> **Task objective**: If you see a picture in the data below, omit it and copy the rest exactly.
━━━ Recorded information ━━━
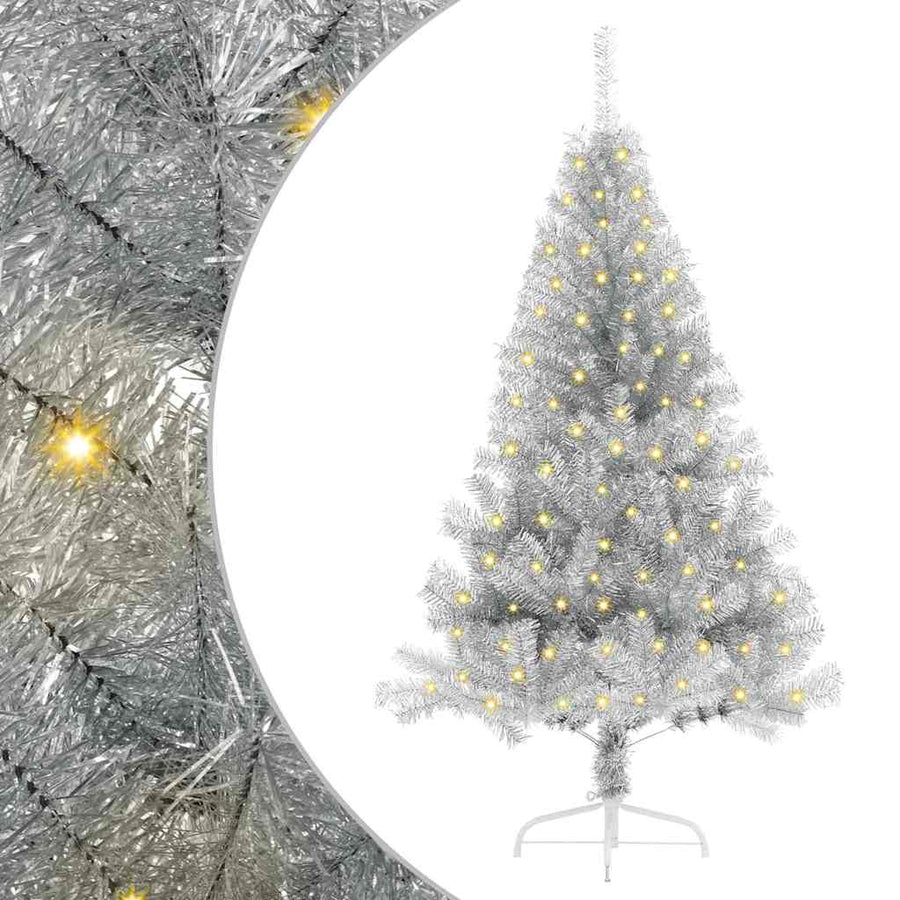 Kunstmatig Voorverlicht Kerstboom met 150 LED Zilver 150 cm PET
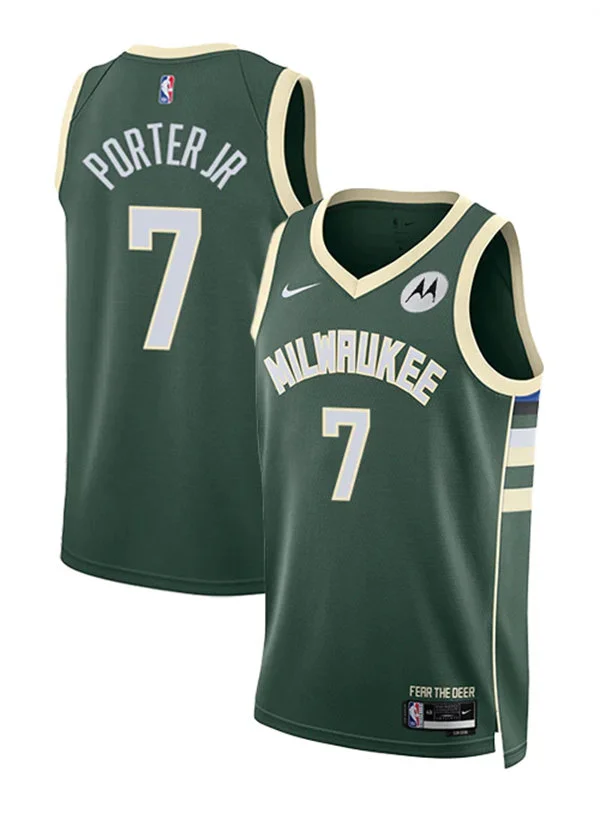 Mens Milwaukee Bucks #7 Kevin Porter Jr. Hunter Green Icon Edition Player Jersey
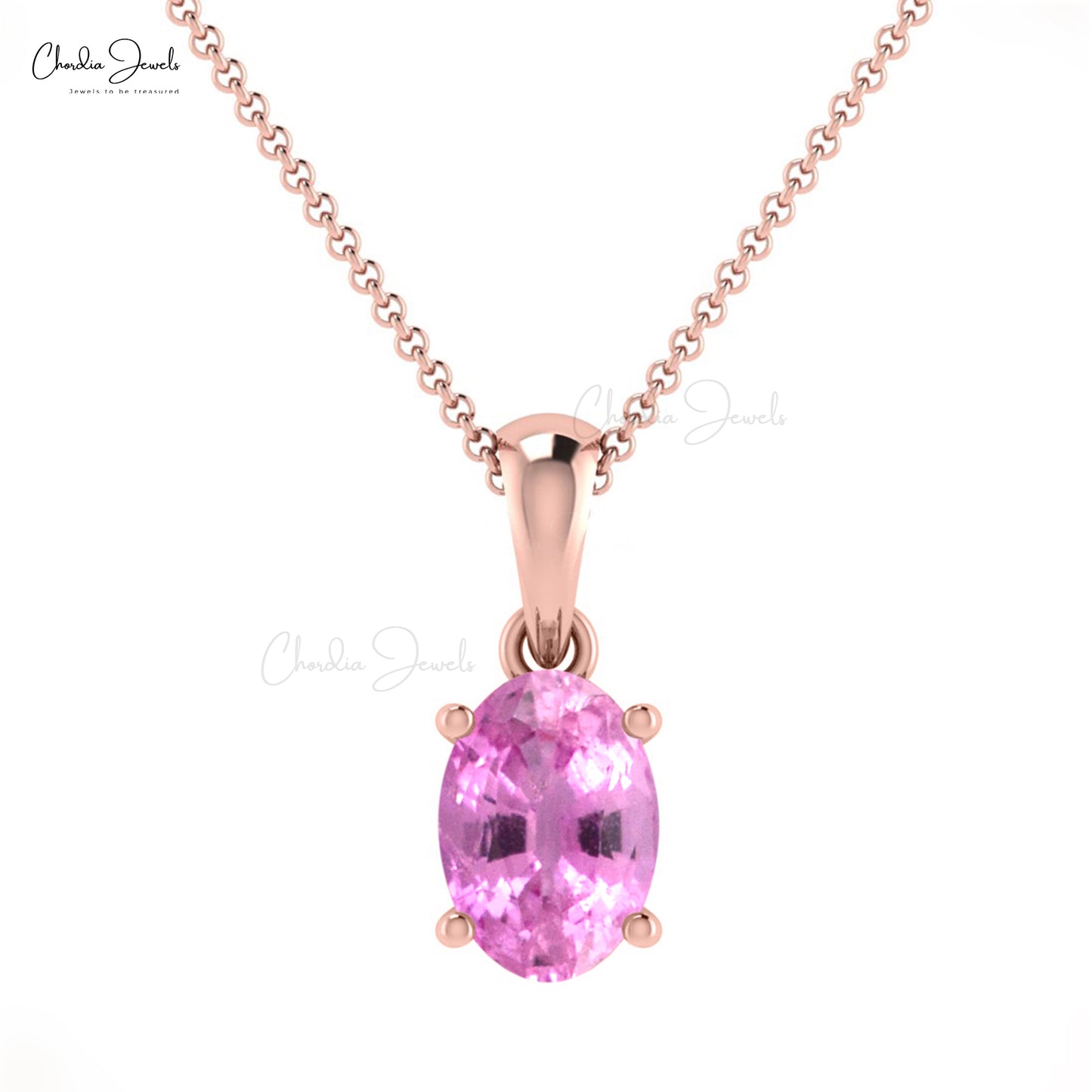 Oval Cut 0.58Ct Genuine Pink Sapphire Solitaire Pendant 14k Gold Gemstone Accented Jewelry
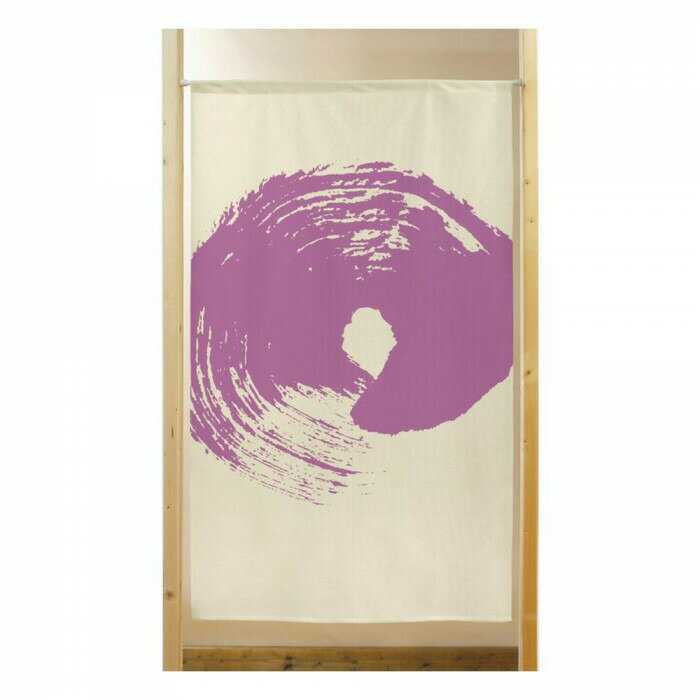 市松柄レースのれん　丸 紫　850×1500　41922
━━━
> **Task result**:
 Kunstmatig Voorverlicht Kerstboom met 150 LED Zilver 150 cm PET
 Mens Milwaukee Bucks #7 Kevin Porter Jr. Hunter Green Icon Edition Player Jersey
 Oval Cut 0.58Ct Genuine Pink Sapphire Solitaire Pendant 14k Gold Gemstone Accented Jewelry
 市松柄レースのれん　丸 紫　850×1500　41922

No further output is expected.